Development issues part 2: Bug tracking
There comes a time, though, when even the most die-hard free software proponent wishes that things would just work. As our software finds its way into more situations where failures are unwelcome (at best), the level of tolerance for bugs is falling. The desire for fewer flaws, however, runs counter to the desire for increasingly capable (and thus more complex) software. Somehow we have to find ways to simultaneously grow our systems and reduce the total number of bugs. To this end, a few projects have been having some interesting discussions on the tracking and fixing of bugs.
As has been discussed in this companion article, Eric Raymond has been busily stirring up trouble on the Emacs development list. His point, deemed reasonable by your editor, is that Emacs must adopt a number of relatively modern development practices if it is to have any hope of remaining relevant at all. One of his key points is that Emacs needs to have a real bug tracking system. Says Eric:
While some of Eric's suggestions appear to be non-starters - imagine trying to get Richard Stallman to hang out on an IRC channel - the bug tracker suggestion might just go somewhere. Certainly it could only be an improvement for a project of that size to have some sort of idea of what the current list of outstanding bugs looks like. It might even help bring about another Emacs release before the end of the decade.
Bug trackers are not a magical solution to the bug problem, though; in fact, they can create some problems of their own. The Fedora project, which does have a bug tracker, is currently trying to figure out what to do with the contents of that tracker. It seems that said tracker contains over 13,000 bugs, almost 10,000 of which apply to Fedora 7 and later.

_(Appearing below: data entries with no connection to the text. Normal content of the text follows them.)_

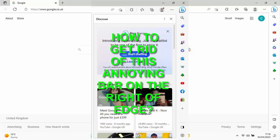So a quick tip for you today, how to get rid of this annoying bar down the right hand side of Edge, the one that's headed with a B.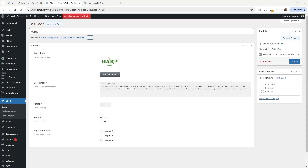Hi, this is Mark from Wikidesign and in this tutorial, I'm going to show you how you can allow your website authors or editors to choose different templates like this for a specific custom post type. This request came in from a recent project where the client wanted the editors of the website to be able to choose a different layout option like this for their contact pages.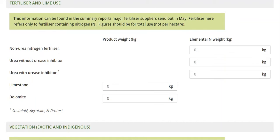There are three categories: your non-urea nitrogen-based fertilisers — things like your crop masters and those sorts of products — then urea without urease inhibitor, and urea with urease inhibitor.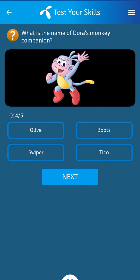Fourth question: What is the name of Dora's monkey companion? Its answer: Boots.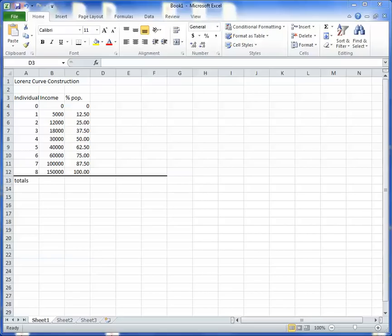Hello class. Okay, so this is how to construct a Lorenz curve from Excel.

A bug database of this size is simply overwhelming to anybody who tries to do something about it. As a result, Fedora users are filing bugs, only to see nothing happen in response. Not even a "thanks for your report" message. This situation is discouraging for everybody involved, causing Fedora users to give up on reporting bugs and developers to fear looking at the tracker.
In the Fedora case, there appears to be a near-consensus that the biggest problem is in triaging bug entries. This is not a job which can be automated; somebody has to go through bug submissions, weed out the duplicates, identify those which are really "features," figure out which developer should be notified, etc. Tying bug entries to those found in upstream trackers would be a highly useful bonus. Without this sort of effort, the bug tracker quickly fills with low-quality entries which help nobody.
For the most part, nobody is doing this job for Fedora now. Red Hat is not paying for a staff member to triage bugs, and the wider community has not filled this gap. In the short term, any sort of solution looks like it will have to come from the community, so the Fedora folks are wondering what can be done to encourage more participation. Simply asking for help is the obvious first step, as is making sure that the process is easy. Then they may consider the tactics adopted by other large projects - Mozilla's policy of expressing its appreciation by sending a T-shirt, for example.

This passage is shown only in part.